Go through the entries below and count the lines where "Picture" occurs. Give nothing but that number.

━━━ INPUT RECORDS

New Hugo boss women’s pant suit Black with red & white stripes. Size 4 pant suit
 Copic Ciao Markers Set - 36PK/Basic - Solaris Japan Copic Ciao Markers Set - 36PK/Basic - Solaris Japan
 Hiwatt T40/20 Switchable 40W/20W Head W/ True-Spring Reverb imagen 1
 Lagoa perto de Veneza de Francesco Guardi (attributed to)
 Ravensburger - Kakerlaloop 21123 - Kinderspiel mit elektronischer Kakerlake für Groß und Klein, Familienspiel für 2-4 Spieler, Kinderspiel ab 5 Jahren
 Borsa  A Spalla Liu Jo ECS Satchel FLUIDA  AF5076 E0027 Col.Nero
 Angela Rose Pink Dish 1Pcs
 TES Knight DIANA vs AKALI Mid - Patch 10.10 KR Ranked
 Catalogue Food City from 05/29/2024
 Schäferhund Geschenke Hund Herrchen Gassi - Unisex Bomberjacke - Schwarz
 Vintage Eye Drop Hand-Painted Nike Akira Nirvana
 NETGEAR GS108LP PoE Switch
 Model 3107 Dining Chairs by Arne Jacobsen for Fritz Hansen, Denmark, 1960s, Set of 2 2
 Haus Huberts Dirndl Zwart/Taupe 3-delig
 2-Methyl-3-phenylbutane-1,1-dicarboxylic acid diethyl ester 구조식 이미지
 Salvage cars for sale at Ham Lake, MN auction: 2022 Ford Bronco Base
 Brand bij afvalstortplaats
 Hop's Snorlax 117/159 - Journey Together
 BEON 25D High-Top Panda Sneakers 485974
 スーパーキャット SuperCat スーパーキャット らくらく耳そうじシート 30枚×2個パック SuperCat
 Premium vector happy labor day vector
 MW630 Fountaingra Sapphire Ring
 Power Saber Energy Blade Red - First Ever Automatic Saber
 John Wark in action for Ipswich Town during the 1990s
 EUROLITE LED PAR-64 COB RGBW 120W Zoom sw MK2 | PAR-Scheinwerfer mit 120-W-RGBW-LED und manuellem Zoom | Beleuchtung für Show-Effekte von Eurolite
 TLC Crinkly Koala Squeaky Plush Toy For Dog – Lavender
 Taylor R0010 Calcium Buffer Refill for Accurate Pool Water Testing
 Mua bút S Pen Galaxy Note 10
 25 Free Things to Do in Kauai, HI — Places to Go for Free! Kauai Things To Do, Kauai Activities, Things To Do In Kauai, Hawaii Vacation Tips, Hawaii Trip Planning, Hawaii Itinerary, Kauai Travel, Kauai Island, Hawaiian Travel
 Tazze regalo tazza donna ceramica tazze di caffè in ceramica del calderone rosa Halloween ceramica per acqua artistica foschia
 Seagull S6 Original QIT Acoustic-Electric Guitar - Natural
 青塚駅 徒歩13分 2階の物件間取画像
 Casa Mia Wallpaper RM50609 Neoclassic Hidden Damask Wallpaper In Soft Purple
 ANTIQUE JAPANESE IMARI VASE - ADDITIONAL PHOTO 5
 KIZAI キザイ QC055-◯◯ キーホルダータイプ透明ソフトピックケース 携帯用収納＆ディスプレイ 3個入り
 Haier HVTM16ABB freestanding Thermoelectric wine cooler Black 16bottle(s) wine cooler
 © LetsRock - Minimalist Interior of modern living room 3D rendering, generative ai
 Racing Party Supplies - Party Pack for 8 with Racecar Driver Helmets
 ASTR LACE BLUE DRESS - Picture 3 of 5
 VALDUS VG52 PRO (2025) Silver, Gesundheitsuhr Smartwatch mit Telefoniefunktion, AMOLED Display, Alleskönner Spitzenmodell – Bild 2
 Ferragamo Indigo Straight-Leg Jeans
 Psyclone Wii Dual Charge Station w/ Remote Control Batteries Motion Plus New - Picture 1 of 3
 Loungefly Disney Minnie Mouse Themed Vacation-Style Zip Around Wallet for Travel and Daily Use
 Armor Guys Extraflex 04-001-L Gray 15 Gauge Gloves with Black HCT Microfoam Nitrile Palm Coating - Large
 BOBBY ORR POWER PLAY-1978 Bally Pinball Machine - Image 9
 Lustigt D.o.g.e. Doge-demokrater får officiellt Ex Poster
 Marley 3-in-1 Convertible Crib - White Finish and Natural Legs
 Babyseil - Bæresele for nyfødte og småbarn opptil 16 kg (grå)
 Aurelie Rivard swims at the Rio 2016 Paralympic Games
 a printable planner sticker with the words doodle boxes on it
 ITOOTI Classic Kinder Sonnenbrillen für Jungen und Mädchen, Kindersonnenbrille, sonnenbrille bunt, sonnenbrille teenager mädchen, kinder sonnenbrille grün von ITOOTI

━━━━━━

### ANSWER FOR THIS EXERCISE
2